Berdasarkan penelitian, mengapa banyak brand dan konsultan yang sangat menyarankan proses design thinking karena:
Lima Tahapan Dalam Design Thinking
Design thinking memiliki lima tahap: Empathize, Define, Ideate, Prototype, dan Test. Kelima tahap tersebut dilakukan secara berulang-ulang dan linear. Artinya, tahap tersebut tidak harus dilakukan secara berurutan, namun desainer dapat kembali ke tahap sebelumnya untuk menggali lebih banyak data.
1. Empathize
Empathize adalah memahami situasi dan kondisi yang dialami oleh customer (keluhan, keinginan, dan lain-lain). Pada tahap ini, kita harus memahami kebutuhan, batasan, perilaku, dan aspirasi user. Empathize dilakukan melalui tiga cara, yaitu observe, engage, dan immerse. Observe dilakukan dengan mengamati pain/gain orang ketika bekerja dari bahasa tubuh, ekspresi, dan kata-kata. Engage adalah berinteraksi dengan diskusi santai beberapa karyawan dengan pekerjaan yang sama terkait pain/gain. Immerse dilakukan melalui mengalami sendiri, lakukan pekerjaan mereka sehingga tahu pain/gainnya.
2. Define
Define adalah memilih dan mendefinisikan permasalahan customer yang akan diselesaikan. Berdasarkan data yang telah kita dapatkan dari tahap empathize, kita dapat mulai mendefinisikan insight dan pola yang muncul. Apa permasalahan utama yang dihadapi oleh user? Apa hambatan yang ditemukan? Apa harapan mereka?
3. Ideate
Ideate adalah mengumpulkan sebanyak-banyaknya ide yang bisa menjadi solusi dan memilih alternatif solusi terbaik. Setelah memahami dan menetapkan user serta problem dengan jelas, sekarang kita bisa memikirkan solusi yang sesuai di tahap ideate. Pada tahap ini, kita dapat membuat mind-map untuk memikirkan solusi yang ditawarkan menghadapi masalah yang ada.
4. Prototype
Prototype adalah membuat representasi visual dari solusi agar menjadi konkrit dan bisa diindera. Pada tahap ini kita akan mengubah ide menjadi kenyataan. Prototype yang dibuat tidak harus sempurna, karena akan ditest pada tahap setelah ini dan akan diperbaiki terus-menerus secara iteratif.
5. Test
Test adalah mengujicobakan prototype dengan customer untuk mendapatkan umpan balik terkait solusi yang dibuat test. Setelah membuat prototype, kita harus memeriksa apakah solusi yang kita berikan benar-benar menjawab kebutuhan user. Pada tahap ini, kita dapat melakukan berbagai jenis testing untuk mendapatkan feedback nyata dari user.

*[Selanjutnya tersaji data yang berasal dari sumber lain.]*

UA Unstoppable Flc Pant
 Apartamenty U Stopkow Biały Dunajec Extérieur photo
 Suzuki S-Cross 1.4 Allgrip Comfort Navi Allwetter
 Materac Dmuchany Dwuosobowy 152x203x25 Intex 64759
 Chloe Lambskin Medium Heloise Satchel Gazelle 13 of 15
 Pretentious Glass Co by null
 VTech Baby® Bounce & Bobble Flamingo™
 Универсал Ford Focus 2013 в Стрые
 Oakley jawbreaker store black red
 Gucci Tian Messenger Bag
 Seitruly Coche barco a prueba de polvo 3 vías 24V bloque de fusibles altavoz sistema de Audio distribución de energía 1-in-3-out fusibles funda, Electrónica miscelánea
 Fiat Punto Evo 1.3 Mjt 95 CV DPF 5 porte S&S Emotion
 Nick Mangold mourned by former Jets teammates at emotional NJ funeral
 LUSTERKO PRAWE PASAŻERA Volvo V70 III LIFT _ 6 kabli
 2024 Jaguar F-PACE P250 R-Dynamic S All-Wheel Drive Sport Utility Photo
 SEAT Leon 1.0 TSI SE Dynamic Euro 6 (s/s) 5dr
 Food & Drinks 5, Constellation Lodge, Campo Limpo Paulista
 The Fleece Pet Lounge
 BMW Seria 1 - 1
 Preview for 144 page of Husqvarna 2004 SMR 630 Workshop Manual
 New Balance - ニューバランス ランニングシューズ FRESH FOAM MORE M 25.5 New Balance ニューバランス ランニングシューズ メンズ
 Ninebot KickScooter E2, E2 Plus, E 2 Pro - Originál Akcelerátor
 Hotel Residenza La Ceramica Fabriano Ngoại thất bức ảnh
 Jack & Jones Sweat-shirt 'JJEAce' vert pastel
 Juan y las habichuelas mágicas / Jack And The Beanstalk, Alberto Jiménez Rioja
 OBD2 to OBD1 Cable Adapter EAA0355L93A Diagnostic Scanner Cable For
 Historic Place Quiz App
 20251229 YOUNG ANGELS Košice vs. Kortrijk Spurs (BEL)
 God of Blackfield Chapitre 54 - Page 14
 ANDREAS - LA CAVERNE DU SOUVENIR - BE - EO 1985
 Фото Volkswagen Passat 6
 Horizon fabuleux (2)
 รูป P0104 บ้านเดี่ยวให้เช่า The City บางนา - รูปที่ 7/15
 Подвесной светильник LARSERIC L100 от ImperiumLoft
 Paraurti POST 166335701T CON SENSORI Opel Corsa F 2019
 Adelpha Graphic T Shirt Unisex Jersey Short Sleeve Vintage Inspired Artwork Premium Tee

Contoh Penerapan Design Thinking: Studi Kasus Gojek
Mengutip artikel Design Thinking: Pengertian, Tahapan, dan Contoh Penerapannya, Contoh penerapan design thinking adalah kesuksesan Gojek dalam menemukan masalah dan memberikan solusi menggunakan design thinking. Founder Gojek, Nadiem Makarim resah saat banyak orang tak percaya ojek bisa menjadi pekerjaan profesional.
Keraguan tersebut dijawabnya melalui penemuan inovatif berupa aplikasi penghubung mitra ojek online dan penumpang dengan Gojek. Per 2020, Gojek telah mengumpulkan 38 juta pengguna aktif bulanan, menyabet gelar unicorn pada Mei 2017, dan menjadi decacorn dua tahun setelahnya.
Berikut tahapan penemuan Gojek menggunakan design thinking.
Nadiem mengatakan bahwa sektor ojek sangat bernilai. Ini berawal dari pengalaman pribadinya yang lebih memilih naik ojek dibanding membawa mobil sendiri untuk menghindari kemacetan Jakarta. Nadiem mendapati bahwa masyarakat juga merasakan keresahan yang sama dan membutuhkan tranportasi alternatif.
Di sisi lain, karena sering naik ojek, Nadiem dapat memahami seluk beluk perjuangan seorang ojek yang bekerja selama 14 jam sehari dan tidak bertemu anak istri, tetapi hanya dapat 4 penumpang. Nadiem merasa prihatin dengan nasib tukang ojek.
Nadiem berusaha menjawab permasalahan yang ada dengan menekankan bahwa konsumen menghadapi masalah kemacetan setiap hari. Di sisi lain, terdapat ketidakpastian penghasilan dari tukang ojek, bahkan setelah bekerja berjam-jam dalam sehari.
Selain itu, Nadiem juga melihat, pada saat banyak ojek tersedia, tidak banyak penumpang yang membutuhkan jasanya. Namun, saat penumpang butuh, sang ojek tidak berada di tempat. Kata Nadiem, ini menyebabkan inefisiensi pasar. Oleh karena itu, Nadiem merasa harus membuat terobosan baru untuk mengakomodasi hal tersebut.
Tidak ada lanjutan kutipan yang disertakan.